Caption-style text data
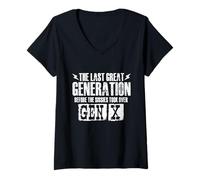 Femme La dernière Grande génération Avant Les Sissies - Gen X Gen Xer T-Shirt avec Col en V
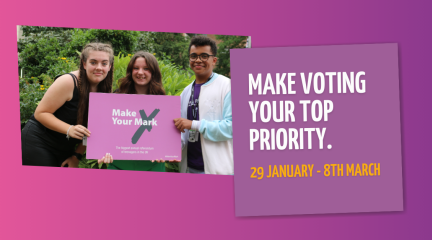 Image reads Make voting your top priority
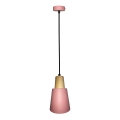 Hanglamp aan een koord FARO 1xE27/40W/230V roze/beuken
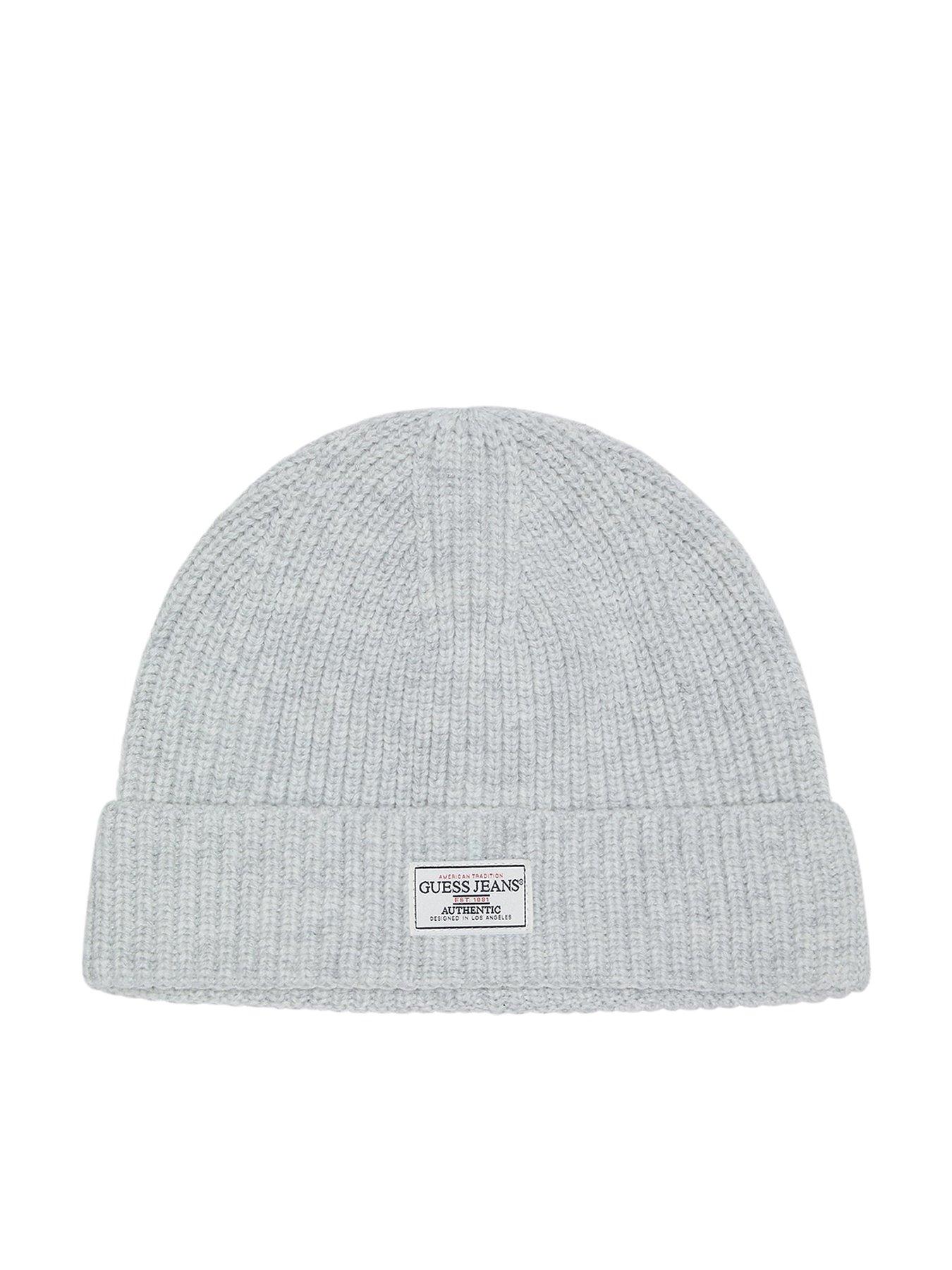 Image 1 of 1 of Guess Jeans Patch Logo Knitted Beanie - Grey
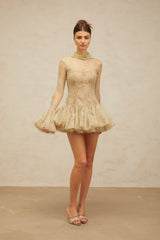 Green Embroidered Mini Dress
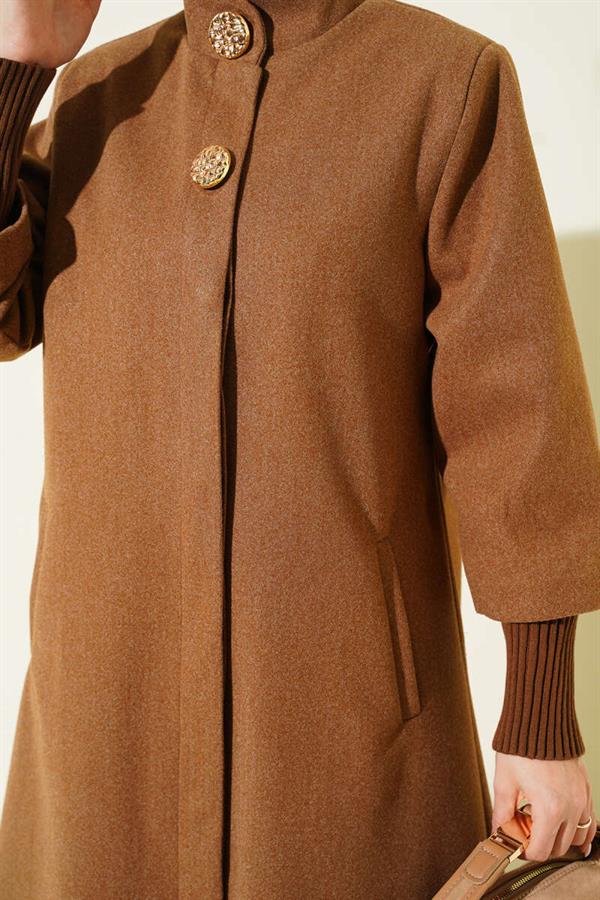 Latte Cashmere Coat with Gold Brooch and Pockets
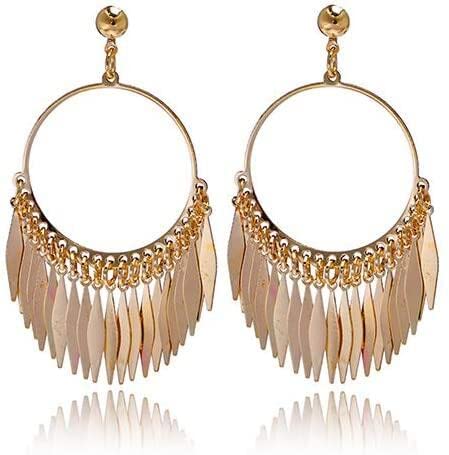 1 Paar Damen Vintage Böhmen Big Creolen Quasten Tropfen Ohrringe Vergoldet Quaste Baumeln Ohrstecker Piercing Ohrringe Schmuck Geschenk für Frauen Mädchen Zufällig Langlebig und modisch von Generic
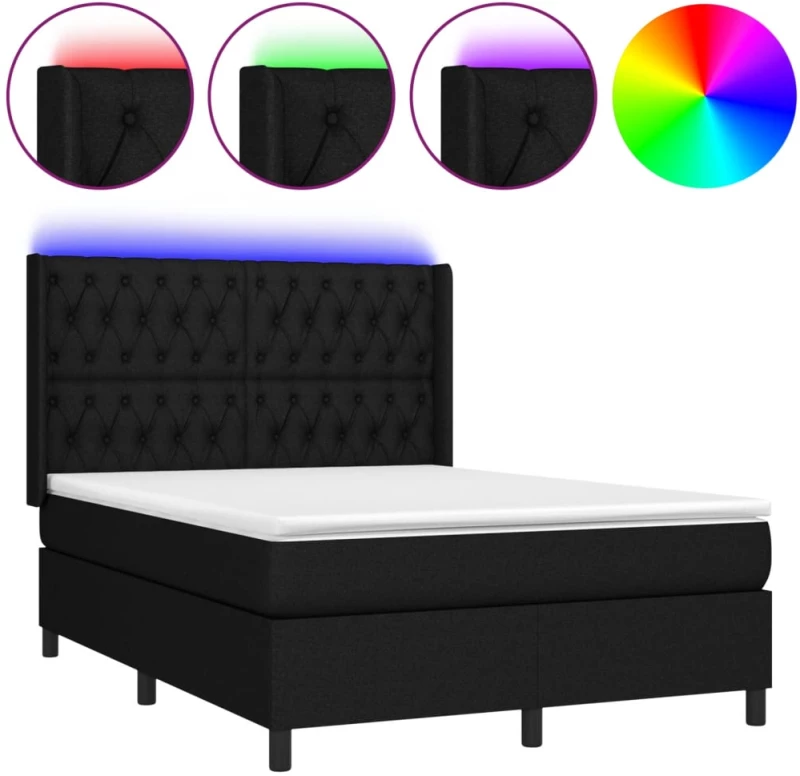 ΚΡΕΒΑΤΙ BOXSPRING ΜΕ ΣΤΡΩΜΑ & LED ΜΑΥΡΟ 140X200 ΕΚ. ΥΦΑΣΜΑΤΙΝΟ 3138559
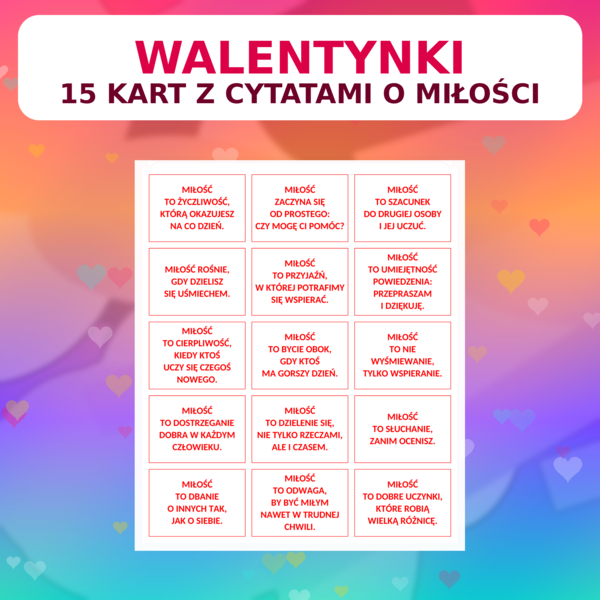 Cytaty o miłości – dekoracja klasy na WALENTYNKI (15 kart) | PDF + DOCX + miniatury (pakiet)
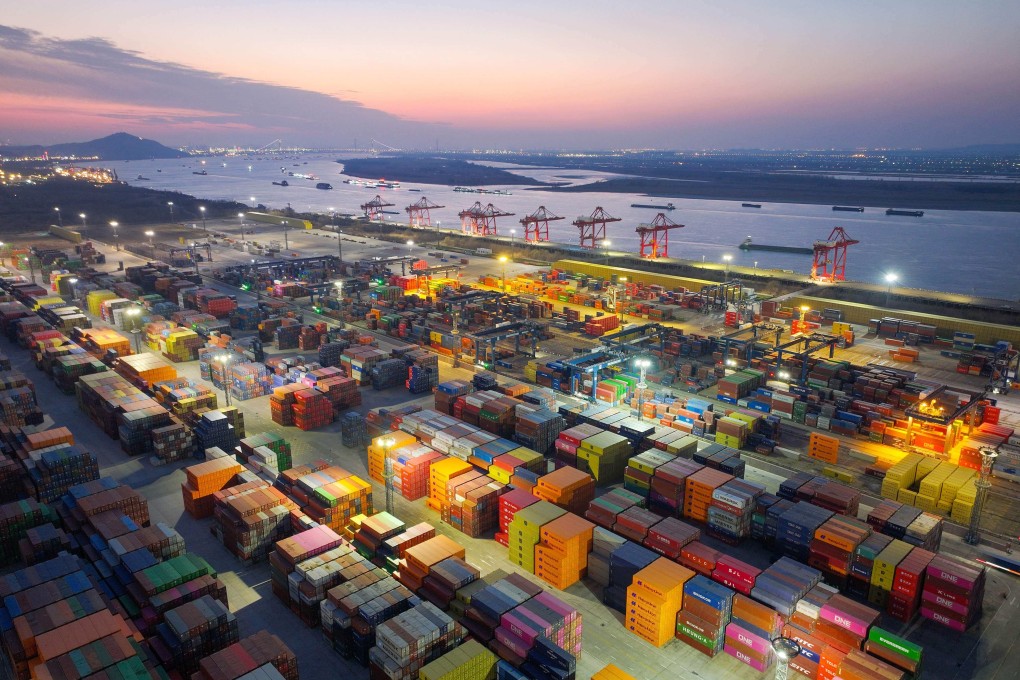 Containers at the port in Nanjing, Jiangsu province, in February. Photo: AFP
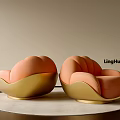Elegant Modern Single Sofa With Coral Upholstery And Golden Base On Round Rug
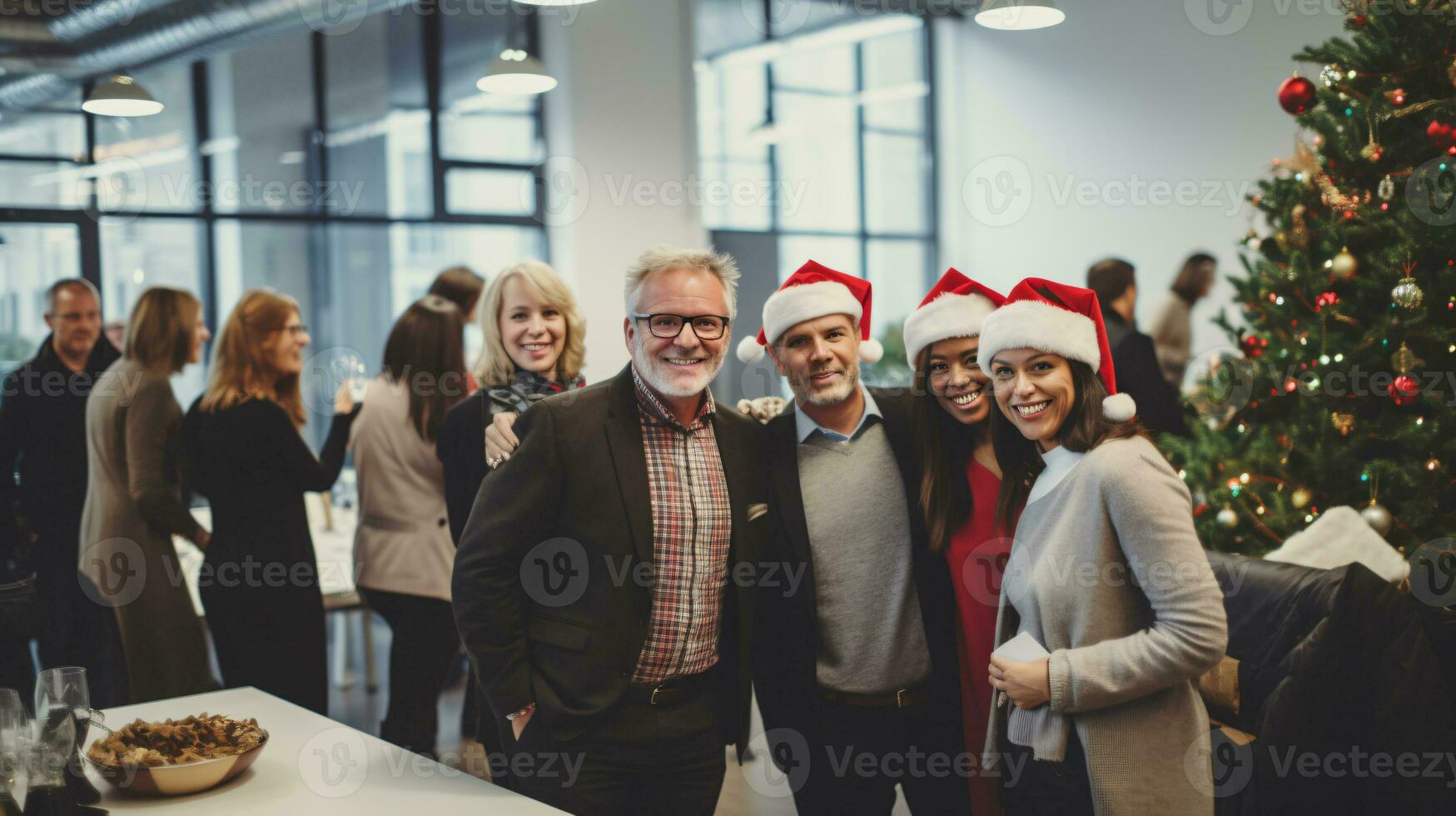 ai generativo attività commerciale persone nel Natale ufficio sociale raccolta, incontro, festa foto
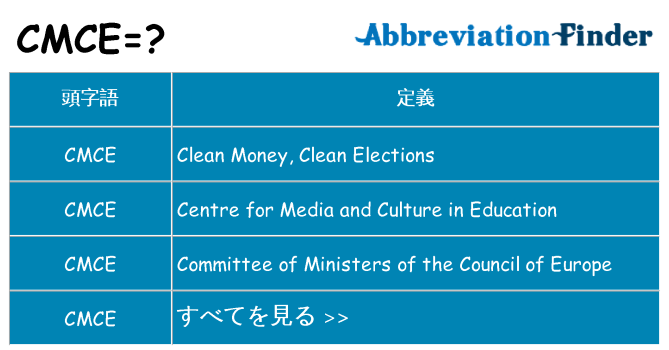 cmce は何の略します。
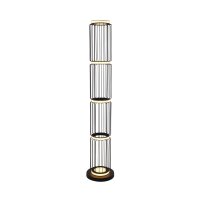 Niedrige Stehlampe LED 117 cm Schwarz Wei&szlig; rund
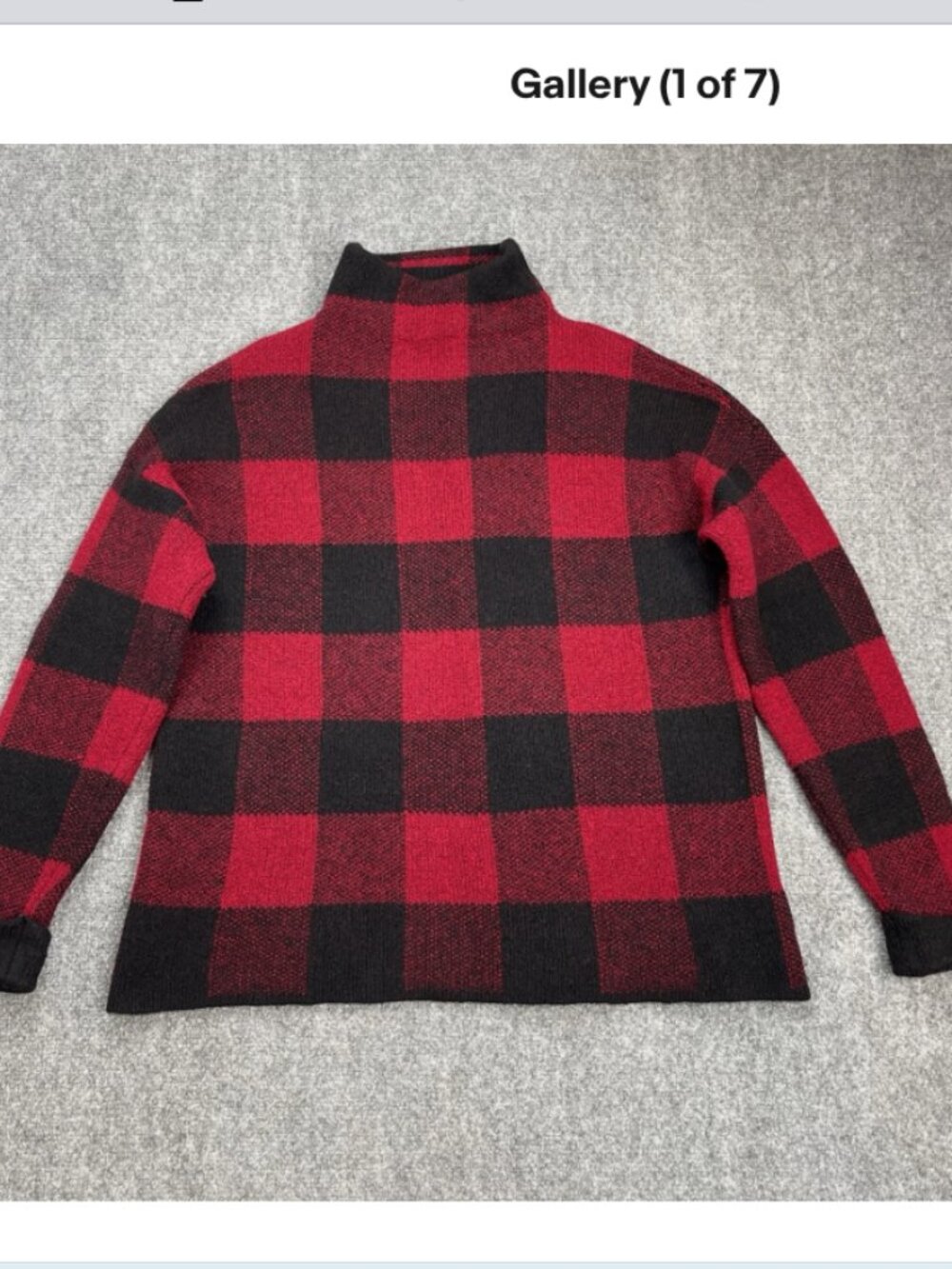 Tahari Women's Red Black Buffalo Plaid Funnel Neck Sweater NWT Sz L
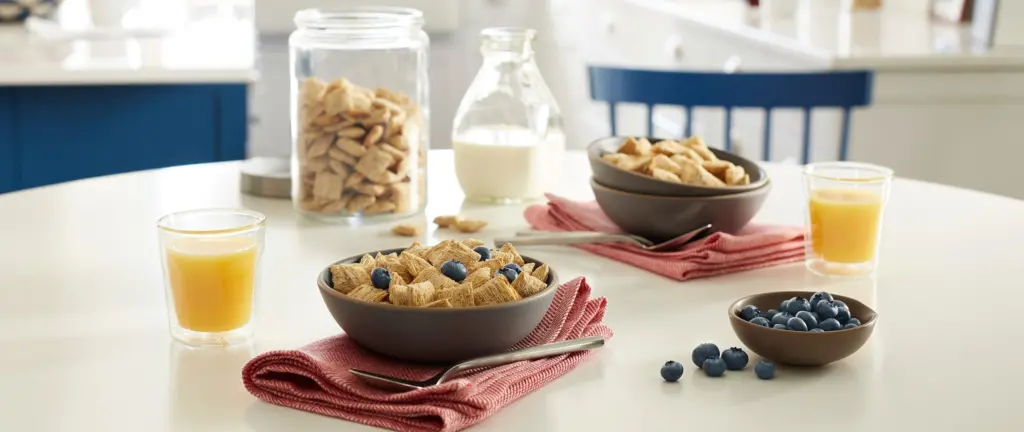 Bowls of Shredded Wheat on a table.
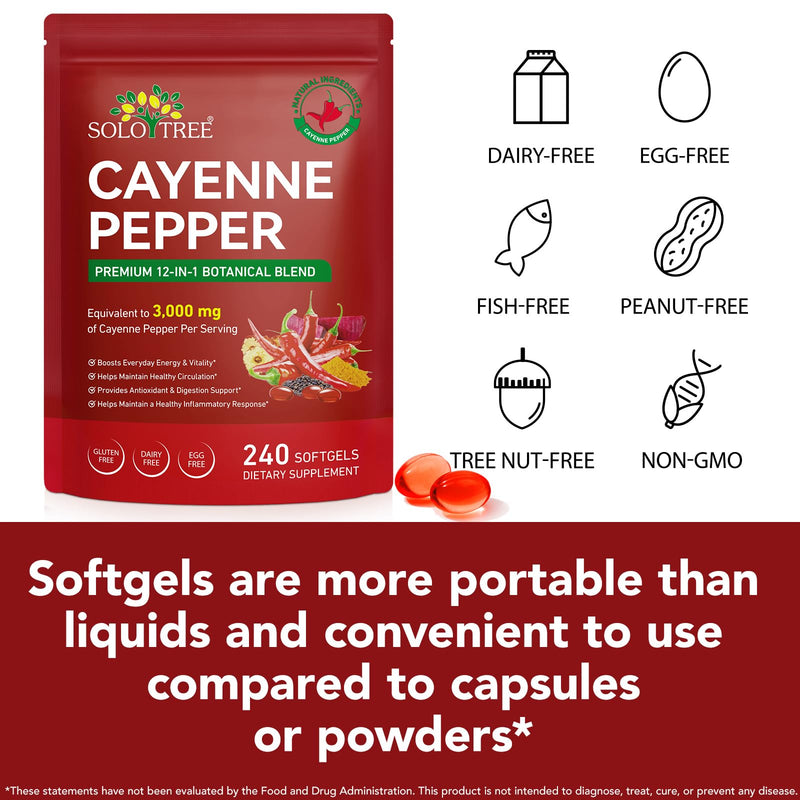 Cayenne Pepper Softgels Supplement,240 Softgels Supports Leg Vein, Digestion Support, Immune System,Boosts Everyday Energy & Vitality,Non-GMO,Gluten Free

= DIRECTIONS =
In the data above, find the line with "Green Embroidered Mini Dress" and repeat it and every line after it through the end, exactly; leave the pictures out.

= WRITTEN SOLUTION =
 Green Embroidered Mini Dress
 Latte Cashmere Coat with Gold Brooch and Pockets
 1 Paar Damen Vintage Böhmen Big Creolen Quasten Tropfen Ohrringe Vergoldet Quaste Baumeln Ohrstecker Piercing Ohrringe Schmuck Geschenk für Frauen Mädchen Zufällig Langlebig und modisch von Generic
 ΚΡΕΒΑΤΙ BOXSPRING ΜΕ ΣΤΡΩΜΑ & LED ΜΑΥΡΟ 140X200 ΕΚ. ΥΦΑΣΜΑΤΙΝΟ 3138559
 Cytaty o miłości – dekoracja klasy na WALENTYNKI (15 kart) | PDF + DOCX + miniatury (pakiet)
 Containers at the port in Nanjing, Jiangsu province, in February. Photo: AFP
Elegant Modern Single Sofa With Coral Upholstery And Golden Base On Round Rug
 ai generativo attività commerciale persone nel Natale ufficio sociale raccolta, incontro, festa foto
 cmce は何の略します。
 Niedrige Stehlampe LED 117 cm Schwarz Wei&szlig; rund
 Tahari Women's Red Black Buffalo Plaid Funnel Neck Sweater NWT Sz L
 Bowls of Shredded Wheat on a table.
 Cayenne Pepper Softgels Supplement,240 Softgels Supports Leg Vein, Digestion Support, Immune System,Boosts Everyday Energy & Vitality,Non-GMO,Gluten Free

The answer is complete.